Arthur laughed and watched her go out into the humid dusk, fog of gnats hassling her as she went. Noise of the street and then the doors came back and sealed him in with the quiet. He set up at his post and then he read the paper, came to a page that had been deliberately dog-eared. He unfolded the flap and tried to work the crease with his palmheel. “Hard Luck Hotel” in masthead lettering. A newsprint photo of the very building where he sat reading. It took him a minute to recognize it, so little did he spend his time on the sidewalk looking at the building facade. Plans were relayed by the journalist, to level the place and build atop the plot. The article talked about pre-war glories for a paragraph and then told the crimes and murders and oddities for three. The O'Flynn boy was mentioned in there as were his failures and fibs. The historian they had interviewed about the hotel spoke to the little attention the hotel had gotten compared to other heritage buildings in the city, was asked to posit reasons why. “This is probably one we could stand to lose,” he'd said.
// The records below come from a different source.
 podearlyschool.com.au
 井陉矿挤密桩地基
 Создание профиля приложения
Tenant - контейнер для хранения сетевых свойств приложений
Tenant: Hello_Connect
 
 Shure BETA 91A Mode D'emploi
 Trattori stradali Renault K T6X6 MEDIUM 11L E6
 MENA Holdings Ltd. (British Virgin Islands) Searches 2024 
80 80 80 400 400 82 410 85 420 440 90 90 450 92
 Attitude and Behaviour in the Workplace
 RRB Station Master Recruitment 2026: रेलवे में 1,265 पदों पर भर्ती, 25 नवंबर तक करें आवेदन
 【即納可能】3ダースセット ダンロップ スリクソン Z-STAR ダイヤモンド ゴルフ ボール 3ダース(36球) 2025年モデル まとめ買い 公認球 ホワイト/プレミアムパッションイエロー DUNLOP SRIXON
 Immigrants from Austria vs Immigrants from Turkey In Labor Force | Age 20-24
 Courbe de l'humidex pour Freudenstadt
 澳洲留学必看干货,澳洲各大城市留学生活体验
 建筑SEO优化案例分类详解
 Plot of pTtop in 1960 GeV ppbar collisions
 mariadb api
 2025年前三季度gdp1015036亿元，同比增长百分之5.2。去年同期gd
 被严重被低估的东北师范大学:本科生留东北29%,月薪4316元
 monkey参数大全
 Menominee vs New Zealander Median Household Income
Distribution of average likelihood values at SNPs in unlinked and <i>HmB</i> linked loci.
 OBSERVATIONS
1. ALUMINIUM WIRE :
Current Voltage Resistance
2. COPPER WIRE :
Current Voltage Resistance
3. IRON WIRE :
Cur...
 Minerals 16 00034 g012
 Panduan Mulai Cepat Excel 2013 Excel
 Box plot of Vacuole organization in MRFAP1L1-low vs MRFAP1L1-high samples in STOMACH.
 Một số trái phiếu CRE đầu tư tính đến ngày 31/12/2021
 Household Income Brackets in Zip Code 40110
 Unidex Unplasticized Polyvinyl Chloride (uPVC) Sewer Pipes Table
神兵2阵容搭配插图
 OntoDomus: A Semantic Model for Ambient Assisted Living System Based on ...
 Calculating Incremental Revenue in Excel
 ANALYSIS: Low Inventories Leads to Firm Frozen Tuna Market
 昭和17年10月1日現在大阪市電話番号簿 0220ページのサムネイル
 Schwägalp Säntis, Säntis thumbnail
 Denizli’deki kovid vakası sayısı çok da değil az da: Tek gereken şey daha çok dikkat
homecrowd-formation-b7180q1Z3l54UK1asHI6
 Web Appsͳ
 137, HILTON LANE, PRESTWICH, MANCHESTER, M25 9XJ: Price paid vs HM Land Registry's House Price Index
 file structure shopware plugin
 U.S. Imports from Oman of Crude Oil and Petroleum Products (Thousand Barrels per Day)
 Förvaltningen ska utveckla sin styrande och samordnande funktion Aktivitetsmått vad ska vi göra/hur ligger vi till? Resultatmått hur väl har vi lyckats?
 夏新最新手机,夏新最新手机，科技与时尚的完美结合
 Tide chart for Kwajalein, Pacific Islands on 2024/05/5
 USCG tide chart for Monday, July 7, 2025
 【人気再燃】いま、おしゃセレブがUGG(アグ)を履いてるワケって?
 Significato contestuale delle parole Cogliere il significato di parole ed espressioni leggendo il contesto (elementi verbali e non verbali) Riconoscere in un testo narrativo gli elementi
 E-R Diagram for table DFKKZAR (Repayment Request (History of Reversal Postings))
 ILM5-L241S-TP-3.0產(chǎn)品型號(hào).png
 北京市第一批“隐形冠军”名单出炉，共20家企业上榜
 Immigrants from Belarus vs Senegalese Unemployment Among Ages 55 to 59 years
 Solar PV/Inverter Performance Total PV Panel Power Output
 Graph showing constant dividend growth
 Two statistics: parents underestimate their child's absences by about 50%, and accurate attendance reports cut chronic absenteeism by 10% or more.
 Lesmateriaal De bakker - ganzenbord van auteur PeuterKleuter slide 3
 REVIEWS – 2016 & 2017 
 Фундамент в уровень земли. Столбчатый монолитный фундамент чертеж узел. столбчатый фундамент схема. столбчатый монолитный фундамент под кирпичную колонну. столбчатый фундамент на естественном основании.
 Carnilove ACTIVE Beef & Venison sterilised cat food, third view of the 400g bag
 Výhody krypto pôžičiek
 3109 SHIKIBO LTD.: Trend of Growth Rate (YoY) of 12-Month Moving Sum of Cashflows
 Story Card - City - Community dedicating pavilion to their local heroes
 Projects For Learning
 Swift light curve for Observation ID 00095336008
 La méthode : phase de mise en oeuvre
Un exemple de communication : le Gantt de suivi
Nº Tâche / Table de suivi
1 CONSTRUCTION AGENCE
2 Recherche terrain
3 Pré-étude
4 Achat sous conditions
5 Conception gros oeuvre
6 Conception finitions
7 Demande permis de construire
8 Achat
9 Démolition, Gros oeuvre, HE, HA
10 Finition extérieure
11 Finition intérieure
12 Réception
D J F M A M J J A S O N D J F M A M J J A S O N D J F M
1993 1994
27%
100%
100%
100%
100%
Arthur leaned back on his stool and studied the lobby through the Plexiglas. Faint sound of doors opening and closing. Great ceiling fans moving re-circulated air. A young Dutchman came down by the stairs carrying a basket of dirtied work clothes, went toward the laundry room. Tall and sharp-shouldered with hair the colour of straw. When he came back he held one hand up with the littlest finger but a nub. Arthur smiled and the young man walked past the booth and went out the front doors into the black.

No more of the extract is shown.